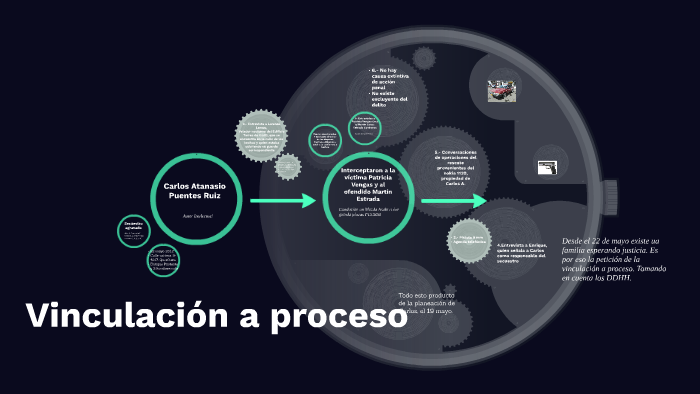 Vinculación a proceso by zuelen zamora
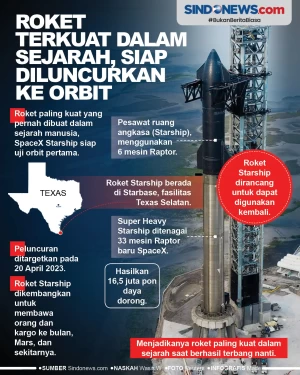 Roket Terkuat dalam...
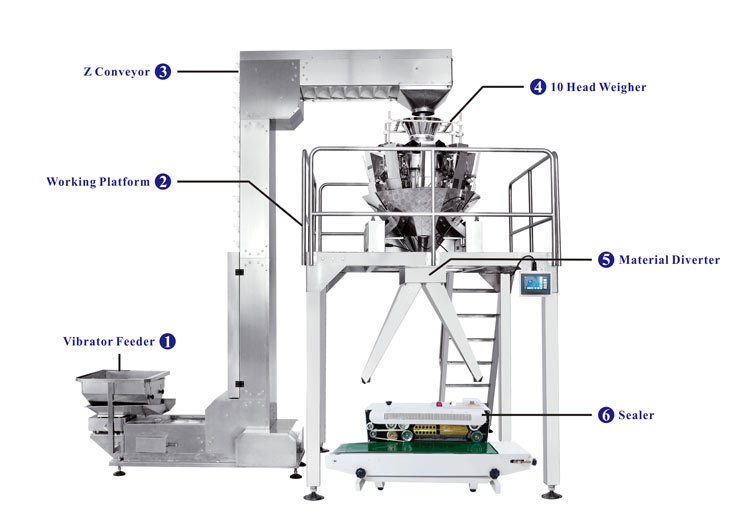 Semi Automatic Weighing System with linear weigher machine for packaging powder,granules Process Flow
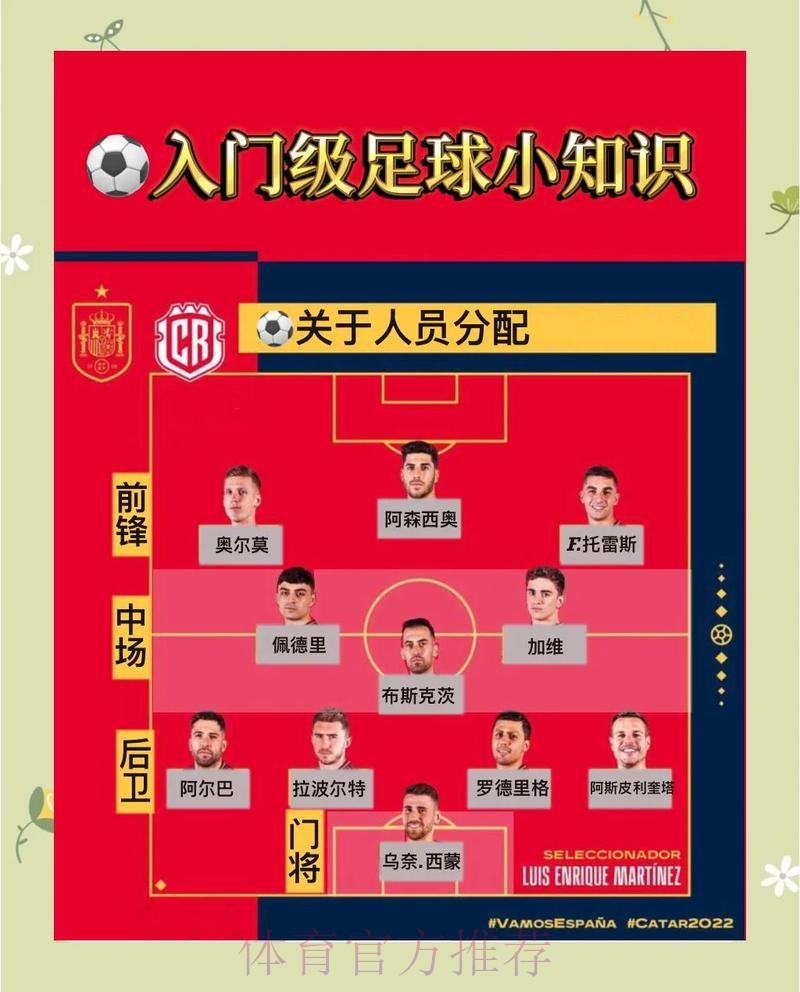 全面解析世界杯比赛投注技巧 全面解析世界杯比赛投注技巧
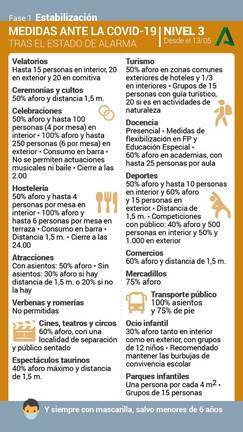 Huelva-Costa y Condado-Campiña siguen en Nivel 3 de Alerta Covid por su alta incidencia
──────
*Action item*: Everything from the line containing "全面解析世界杯比赛投注技巧 全面解析世界杯比赛投注技巧" to the final line of the listing above, both ends included, should be transcribed word for word, except for the pictures.

*Written answer*:
 全面解析世界杯比赛投注技巧 全面解析世界杯比赛投注技巧
 Huelva-Costa y Condado-Campiña siguen en Nivel 3 de Alerta Covid por su alta incidencia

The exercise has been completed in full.